The current cohort study used data from the K-COV-N cohort. The National Health Insurance Service (NHIS) provides health insurance services to approximately 97% of the Korean population.13 Health insurance claims—including medical health screening results, medical treatments, and medication prescriptions—have been collected by the NHIS. The Korea Disease Control and Prevention Agency (KDCA) operated as the Central Disease Control Headquarters for COVID-19 and collected data on COVID-19 and vaccinations. To promote academic research in analysing health damage caused by COVID-19 and to actively develop treatments for preventing infectious diseases, the NHIS and KDCA have linked the national health information with COVID-19-related records and thereby generated the K-COV-N cohort dataset. The eligibility dataset contains (1) demographic data, medical history, anthropometric measurements, and lifestyle questionnaires from the NHIS registered between 1 January 2009 and 31 December 2021; and (2) date of confirmation of COVID-19, date of death, area code of reporting institution, mode of transmission, dose of COVID-19 vaccines administered with the vaccination date, and type from the KDCA registered between 8 October 2020 and 31 December 2021. The dataset was matched by a confirmed COVID-19 case population with a 1:10 ratio using age and sex propensity scores. The COVID-19-related registers after 8 October 2020 were used due to the possibility of identifiability even though the personally identifiable data were strictly anonymised. Access to the dataset was allowed only after approval by the enquiry committee.

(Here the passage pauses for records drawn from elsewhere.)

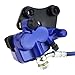 PRO BAT Front Disc Brake Master Cylinder Caliper + Front Disc Brake Plate Replacement + Brake Pad Assembly for 50cc 70cc 90cc SSR 110cc 125cc Atomik SSR Apollo Chinese Dirt Bike Pit Bike, Blue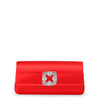 Gothisi red satin clutch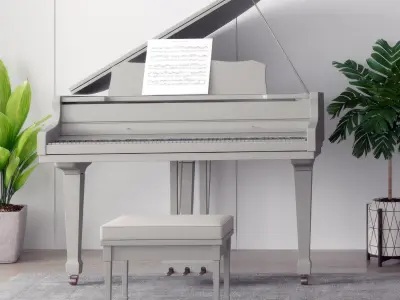 monomer equipment piano decoration Equipment 3D model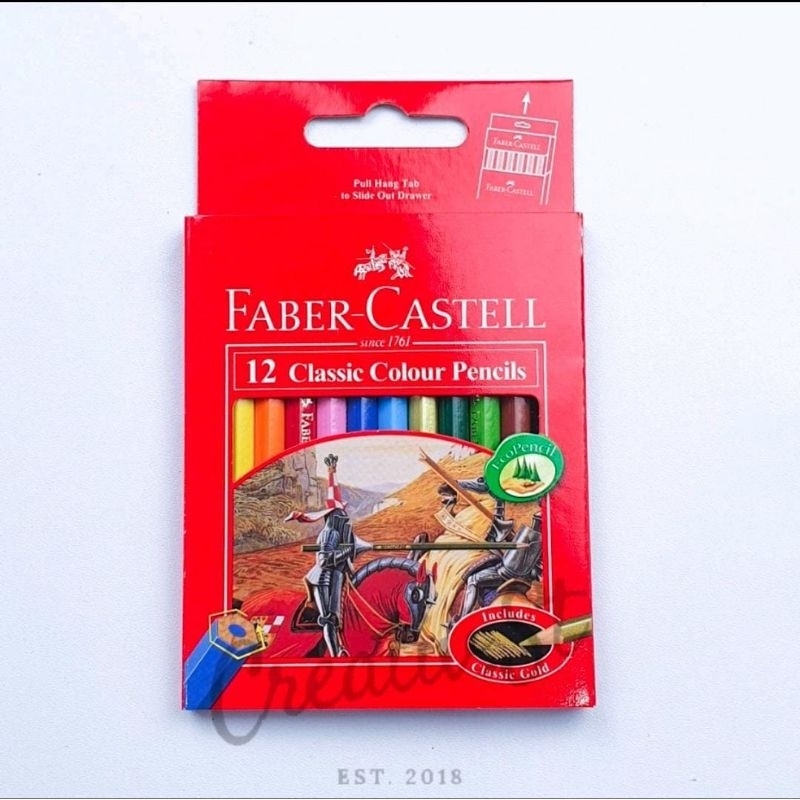 

PENSIL WARNA FABER CASTELL CLASIC 12W PENDEK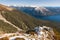 Snow covered Mount Robert in Nelson Lakes National Park, South Island, New Zealand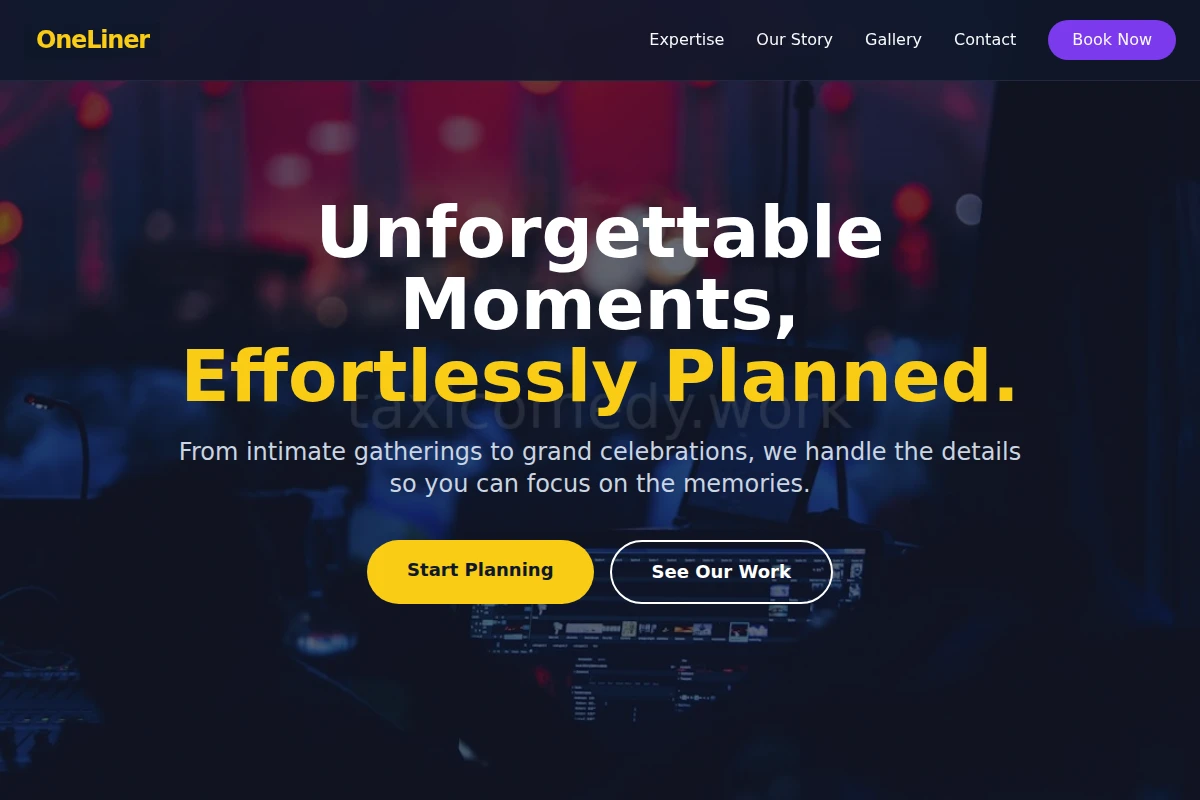 OneLiner Event Planning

A total of 2,882,789 participants who participated in health screenings from 2019 to 2020 were initially enrolled in the study. Among the participants who joined the health screenings, we excluded those who were not included for Patient Health Questionnaire-9 (PHQ-9) (n=2,329,929), diagnosed with COVID-19 before the follow-up period (n=17,228), and with missing information for other covariates (n=600). To investigate the association between the degree of depression severity and severe clinical events of COVID-19, we only included patients diagnosed with COVID-19 (n=44,706). A positive laboratory result by real-time RT-PCR assay was considered a confirmed case. Those who died within 1 month after COVID-19 infection before the severe clinical events (n=167) or were diagnosed with SARS-CoV-2 infection after 1 December 2021 due to a short follow-up period (n=15,433) were additionally excluded. Finally, 29,106 confirmed COVID-19 patients were enrolled and followed up from the diagnosis date to any severe clinical events within 1 month (Fig. 1). The Institutional Review Board of CHA University Hospital approved the study (No.: CHAMC 2022-05-052), and informed consent was waived due to anonymous cohort data provided by the NHIS and KDCA.
Fig. 1. Participant inclusion flowchart.
The degree of depression severity was measured by PHQ-9. PHQ-9 is the most commonly used self-reported questionnaire formed with nine questions for screening depression in primary care.3 The NHIS provides PHQ-9 to those aged 20, 30, 40, 50, 60 and 70 at the check-up year for screening depression. Participants were asked to answer each item by a score ranging from 0–3 (0=not at all; 1=several days; 2=more than half the days; 3=nearly every day). Then, we summed each score in total and categorised it into 3 levels: no depressive symptoms (scores of 0–4), mild depressive symptoms (scores of 5–9), and moderate-to-severe depressive symptoms (scores of 10–27). The accuracy of PHQ-9 in detecting depression4-5 and its severity6 has been validated through previous studies. The items in PHQ-9 are described elsewhere.7
Outcome was defined as any severe event that occurred within one month after the diagnosed date, including the requirement of oxygen supply with conventional oxygen therapy (COT), a high-flow nasal cannula, continuous positive airway pressure, admission to intensive care unit, the requirement of mechanical ventilation, extracorporeal membrane oxygenation, and death after severe clinical events of COVID-19. When the total number for each outcome was lower than 5, it was not described in the table.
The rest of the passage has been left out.